Citations Needed is a podcast about the intersection of media, PR, and power, hosted by Nima Shirazi and Adam Johnson.

Episode 69: The Rise of the Inexplicable Republican Best Friend

March 13, 2019 37:46 45.3 MB Downloads: 0

It’s a trope that dates back more than a decade, but the rise of Sen. Bernie Sanders and Rep.

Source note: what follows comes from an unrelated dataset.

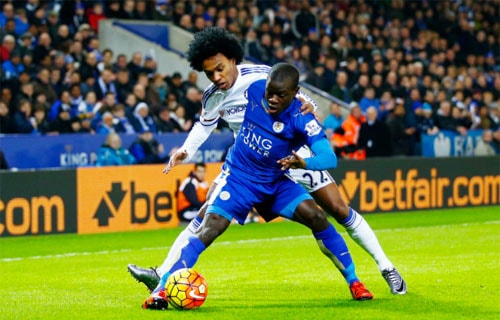 N'Golo Kante sắp đầu quân cho Chelsea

Alexandria Ocasio-Cortez has seen a recent resurgence in the liberal’s “Inexplicable Republican Best Friend,” a specific genre of concern trolling where a long-time Republican operative, politician or pundit offers supposedly well-intentioned “advice” to Democrats about how they can win elections, which always relies on avoiding veering “too far left.”

These takes––frequently featured as earnest appeals in liberal and centrist outlets––are ostensibly framed as straight-talk advice that should be accepted as objectively in the Democrats’ best interest, and never presented as an ideological argument that would otherwise make sense coming from a right-winger. “Republican hates socialism” isn’t that newsworthy, whereas “GOP operative identifies Democrats’ best interests" somehow is.  As with most ideological scams, it only travels in one direction: leftward. One seldom hears liberals or leftists give “advice” to Republicans about they ought to do to win.

But somehow the inverse isn’t true. Anti-choice, climate change denying, racist, rape apologist, warmongering, overpaid mercenary GOP “strategists” are treated like objective, neutral voices simply looking out for the best interests of the people and institutions they’ve spent their entire careers trying to destroy.

We are joined by Huffington Post senior reporter Ashley Feinberg.